The reference above to THE TURN OF THE SCREW is deliberate, for WHAT MAISIE KNEW (1897) seems almost like a preliminary draft for the more famous story, published in the following year. Yes, there are differences: this is comic rather than tragic, complicit rather than mysterious, and much less hermetic. The child heroine appears to come through with more wisdom and less trauma than the situation might have caused. But the final scene is astonishingly close to the ending of the later story: a struggle for control of a once-innocent child waged between a humble governess and two charismatic figures who exert a powerful hold both on the child and on each other. Only the ending is different, though no less worth waiting for.
A NOTE ON THE MOVIE. I have just (June 2013) seen the movie based on the book. It is a beautiful piece of work, with a remarkable naturalness to the acting, especially from the girl who plays Maisie. It is updated to contemporary New York, but loses surprisingly little; the child's-eye view is created by the camera rather than words, and its visual elegance is a fair translation of James' prose. The other two main changes largely cancel each other out. It is a sad movie, because (other than the wide-eyed trust of the little girl, which is a two-edged sword) the camera has no equivalent for James' humor. On the other hand, it stops a little more than halfway through the book, thus sparing us the depths of cynical manipulation to which James' Maisie is subjected at the end, and offering the suggestion of a happy ending.
25 of 25 people found the following review helpful.
Another unique study by James
By Giacomo C.
While this novel is a less popular work than some of the author's others, it should not be dismissed as a minor one. James' prose is refreshingly complex - a true balm in these illiterate times - and his narrative bears his distinctive creative style.
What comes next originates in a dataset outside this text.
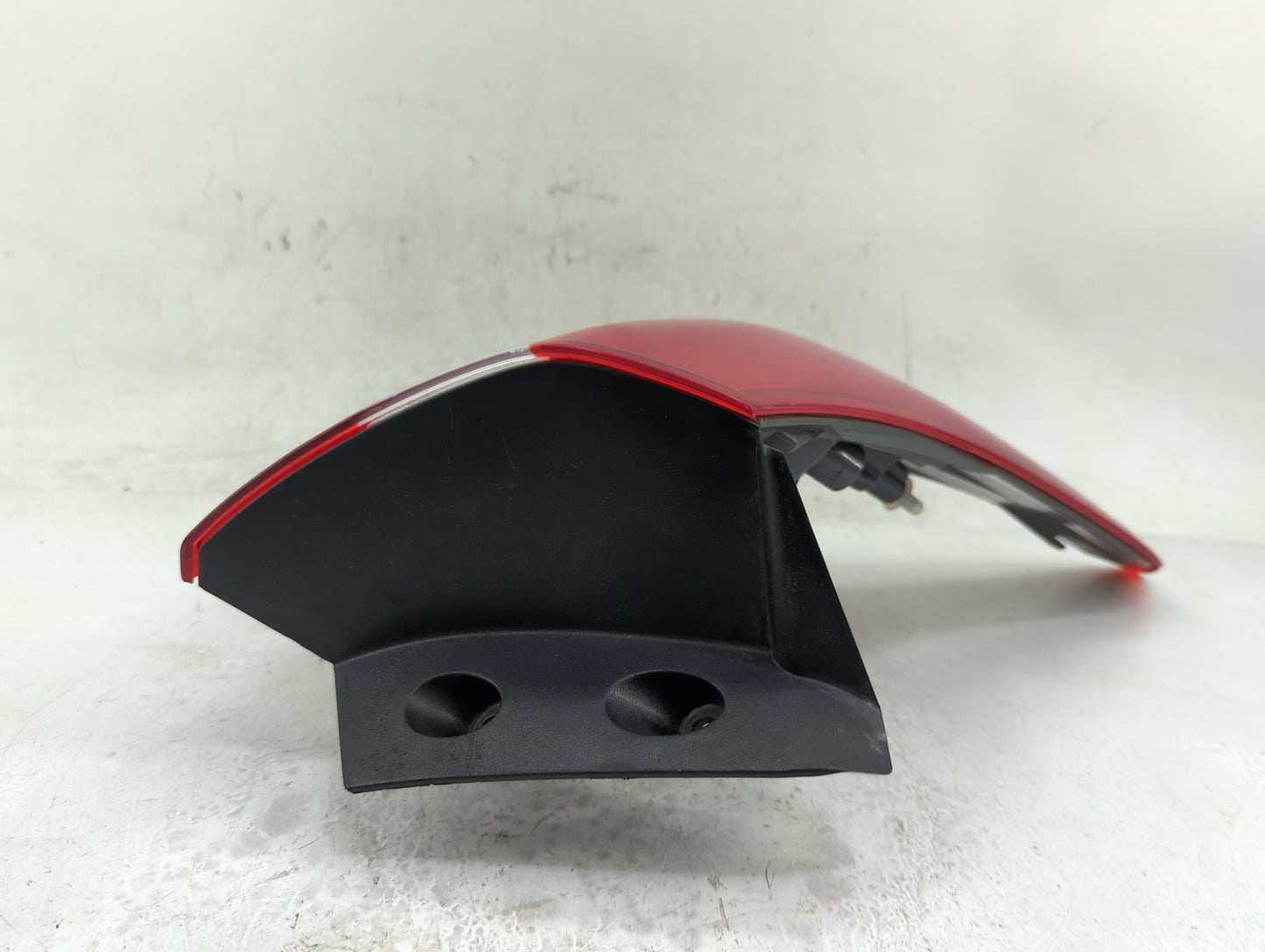 2013-2017 Hyundai Elantra Tail Light Assembly Driver Left OEM P/N:92401-A50 Fits Fits 2013 2014 2015 2016 2017 OEM Used Auto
Maisie is somewhat different in style from James' other works, but this is not a lapse in quality but rather a testament to his versatility as an author - he was not stuck in one particular mould. The choice of subject matter is fairly unique - I don't know of any other novels that deal with these topics in quite the same way. Social mores may have changed since James' time, but the way children are effected by such events remains the same. The story is narrated, but we see the events unfold through the child's eyes. The numerous dialogues between Maisie and her various adults portray brilliantly the veiled manner in which children are spoken to about 'inappropriate' subjects, and the vague scarcity of key details which a child should not be allowed to know is left to the reader to be unraveled. In this unraveling the reader is given a tangible sense of the child's confusion, her struggle to comprehend these unexplained happenings with her lack of definite information. It is James' intention that the reader should share in this confusion - that there should be some struggle to piece together what is occuring out of the direct line of sight. This helps to create a connection between the reader and the little heroine.
Some criticize the novel for its consistantly dark tone - but this is hardly a basis on which to assign value to the work (or any work for that matter). Furthermore, what other tone could the novel have? This is after all an exploration of a group of supposed adults behaving very badly indeed towards a helpless child. The moral qualms are not all rooted in the Victorian age, many remain just as topical today as then - which is in itself quite an achievement.